The SELVA team traveled throughout the Lower Mara River Basin in Tanzania to collect data from water users about their water access, water quality, and water quantity and encountered chonga moto – Swahili for challenges – related to water and health. Speaking with local people about their water supplies brought up health concerns immediately and this theme of water borne disease continued to feature prominently in interviews throughout the basin. Water borne disease is the most common cause of death in Tanzania. Locals often have no alternative water source to one that is contaminated. Such contamination is due to lack of wastewater treatment, presence of animals and animal waste, contamination or pollutants from upstream sources, mining waste, and mixed use such as bathing and drinking – and some of this is exacerbated by climate change causing warmer temperatures, changes in rainfall patterns and unsustainable development causing further soil erosion and increase of people without infrastructure to handle associated waste.
Health concerns from locals are linked with exposure to water borne disease either their proximity to the water source – such
as in malaria or yellow fever – or their direct contact with contaminated water – such as in cholera. The diseases locals told the SELVA team about included life-threatening and debilitating conditions. There was an ongoing cholera outbreak in many parts of Tanzania during our field trip in March 2016 that was ongoing from October 2015. Locals spoke of kichocho – Swahili word for schistosomiasis – a disease carried by snails present in the Mara River and Lake Victoria and typhoid a disease spread in food and water. SELVA documented other complaints of intestinal worms, amoeba, yeast infections, and skin irritations/rashes. Locals stated that many of the diseases are more prevalent during the rainy season when runoff from the villages enters the river and animal carcasses wash downstream from Serengeti Park. Skin irritation was most often reported as linked with algal blooms or mining waste.

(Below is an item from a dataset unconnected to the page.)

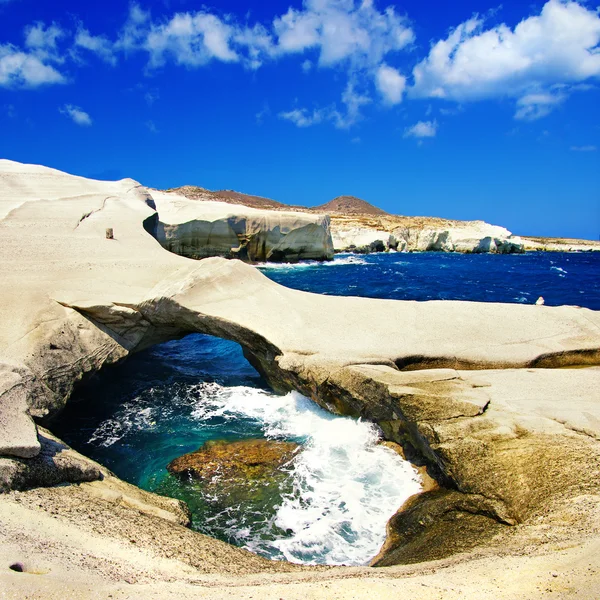 Incrível Grécia série Milos ilha, caverna rochosa — Fotografia de Stock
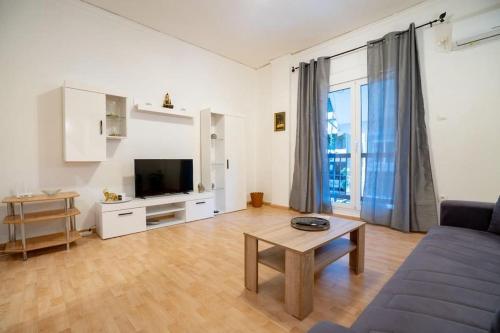 Petralona station apartment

The other associated human health risks with local water sources had to do with the dangers associated with fetching the water; a task that women and children are primarily or solely responsible for (see earlier post on risks and water fetching). Worms and other parasites are thought to lurk in the thick mud along the river’s edge; crocodiles and hippos just offshore. Babies are bathed in the contaminated water within days of their birth, and birthing mothers are bathed in the water just before and after birth (local women stated that sometimes this water is boiled). In fact, in some clinics local women must bring their own water to attend births.
Solutions for health risks such as the ones listed above can come from solutions such as improved water sources infrastructure to target waste water gathering and treatment, drinking water treatment, upstream-downstream coordination and management, and waste and water management. Reduction of contamination can be helped through manure control, designated places for washing and animal watering downstream of village drinking water extraction, maintaining the legal 60 meter buffer zone along the riverside, keeping riparian vegetation intact, and continued monitoring of water quality in order to warn any locals of impending outbreaks.